Use images of people experiencing the benefits of your brand to highlight the value provided and attract more engagement with visitors.

Why It’s Important:

As consumers, we use products and services to improve different aspects of our lives. When we spend our time and money on those things, it’s not about the product or service itself, it’s about the outcome it provides in our life. 

One of the most powerful ways to help your audience understand the potential outcomes they could experience is to show people enjoying those benefits. 

Research has shown that advertisements featuring faces attract more attention than those without.
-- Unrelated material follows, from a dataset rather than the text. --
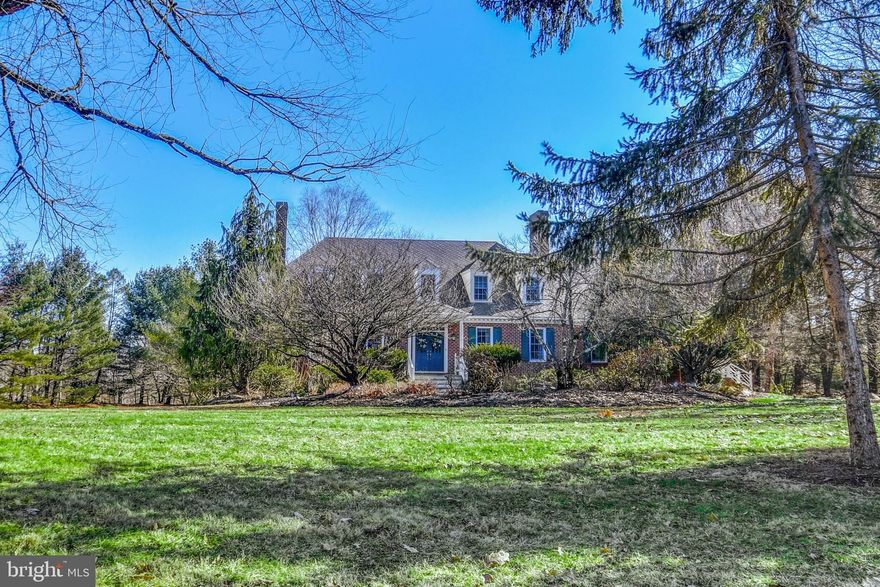 Set on 2.4 acres on a quiet Saucon Valley Road, this classic home was designed to embrace the elements of a Williamsburg Colonial. It has been stylishly updated and was featured in Lehigh Valley Style Magazine. Boasting over 5,000 square feet of family space on three levels, this quietly sophisticated home is well-planned and beautifully executed. Hardwood floors accent most first floor rooms. There is a stunning Plato kitchen boasting a blend of aesthetics and functionality, with high-end appliances including Viking, Subzero and Dacor. Wood cabinetry, granite counters, brick alcove, Portuguese tile, two sinks, center island and serving area are guaranteed to impress. A gracious dining room and living room have detailed moldings and a fireplace. A central family room is anchored by a second fireplace, detailed with custom cabinetry, all opening to a covered porch, full patio, and a yard shaded by fabulous old trees. The adjacent sunroom has a beadboard ceiling, three walls of windows, and is perfect for extended entertaining. Completing the first floor is a sophisticated primary bedroom with luxurious bath, a mud room and a laundry room. Upstairs, there are 3 additional bedrooms, two baths, and an office/family room. Sure to please, the lower level offers a recreation room, a family room with custom bar, and plenty of storage and workshop space. A two-car garage completes this level. Close to Historic Bethlehem, the Saucon Valley Country Club and Lehigh Valley’s finest colleges and universities, the sophisticated location in lovely Saucon Valley is just one of many reasons to appreciate this exceptional home.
Your website is often one of the first touchpoints with your brand, so it’s important that it effectively communicates the value customers can expect. 

Our Brand Data Says:

Of the 3325 brand websites where we could detect a primary image in the header of the site, only 23.1% featured a detectable image of a person

This represents an opportunity for your brand to set itself apart and create an emotional brand touchpoint. 

brand header image featuring people data

Product Example – Non-People: 

A common example of non-people imagery comes from packaged goods companies that instead focus entirely on their product.

 

Product Example – With People: 

Instead, showing a person utilizing the product provides more context and tells a more compelling story of its value.

 

Service Example – Non-People: 

In the B2B services space, companies often rely on abstract graphics or imagery to represent the concept of their offerings.

 

Service Example – With People:

A more engaging approach is to show people who benefit from the services to make it feel more concrete and emotionally connected.

 

2. Compelling, Concise Headline 

Insight: 

Create a headline that’s short enough to pique interest with the reader yet provides enough information to establish context and get them to read more.

Why It’s Important:

It’s common to see messaging issues that fall into one of two categories:

  1. The brand treats their headline more like a tagline, making it too short to say anything meaningful. These messages tend to be 2-3 words long and are often broad and vague.
  2. The brand rambles in their message trying to pack too much information up front which encourages readers to skim past it. These tend to be 2-3+ sentences in length. 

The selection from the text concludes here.